But I know from a thousand occasions that talk-talk-talk works. Something magical happens when we take time to really see an issue through. It’s been the core of our Shedder successes (and the core of our failures when we neglect it).
There was a time when some of us wanted hundreds of acres for our communal property and others wanted a no-hassle little plot; when some of us wanted to be deep in the hills and others on the ocean; when some of us wanted custom-built and others to adapt something that already existed. Big differences. But after hours and hours and hours of discussion, of being willing to listen, of being willing to talk when we felt our idea wasn’t going to be popular, we somehow arrived at this particular house in this particular location with this particular ambiance.
All the other ideas, positions, notions went away somewhere – they just dissolved as we flowed toward decisions that worked for this thing that was larger than the sum of us. Over and over I was awed to find us in agreement about something that had seemed impossible at one time. As the other’s values, reasons and longings became transparent to me, I could let go of my own small point of view.
Sociocracy makes this key point: there might be a decision that you like, that feels right for you, but you have to be able to step back and look at what is right for the group. The group is something else, something more than you. That takes a lot of letting go.
After all the talk comes consent.
Here’s an example of what I mean: If you’ve been reading Shedders, you’ll know that I’ve had a long struggle coming to terms with removing the hoard of pines that live on our four acres here. Hundreds of them had to come down to create a safety zone for the house, and hundreds of others to provide us with view. The problem is that I like pines; any self-respecting Canadian would like pines. But here in my adopted country, they are an invasive species.
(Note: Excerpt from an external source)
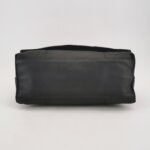 Bottega Veneta Woven Lambskin Crossbody — фото 6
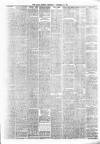 Alloa Journal Saturday 10 November 1900 Page 3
They spread like wildfire and they can de-Australianise a landscape over the course of a couple of decades. So we kept removing them.
Nonetheless, some 30 or so at the bottom of our hill survived the purges.
Until the recent one.
I was uneasy about losing these remaining pines, in particular four or five old-timers, each with a 10 metre span of sweeping branches. But because I could see it was important to the others that this lower area be restored to its natural Australian bush state, I agreed the pines could go. I consented.
On the day the last massive tree fell, my true colours emerged.
I looked down the hill in profound shock. My oasis of green and shade and healthy growth and forest floor was GONE – never to return. I was devastated. When I went down the hill I would burst into tears; I couldn’t sit even on the side of the table where I might accidently glance in that direction.
It took me a couple of weeks of suffering before I started sharing about it with my housemates, acknowledging my deep-seated emotions and ‘fessing up to bad thoughts I’d had.
Sociocracy focuses on transparency and trust. Had I been transparent and trusting a few weeks earlier, I could have saved myself considerable misery. As sociocracy advises, I am looking to give my full consent, wholeheartedly and after luxuriant consideration – to understand what is good for our community beyond what feels good for myself. To say “I do” and mean it.
The three philosophers I mentioned earlier, who propelled the notion of sociocracy into existence, had big dreams for it: the emergence of “a new spirit breaking through” among humankind. “May it be,” Kees Boekes said, “that after the many centuries of fear, suspicion and hate, more and more a spirit of reconciliation and mutual trust will spread abroad…practice and education will provide the real solution to all world problems.”
Well, that might be a while coming. But meantime, we’ll continue giving it an informal workout at Mitchells Island.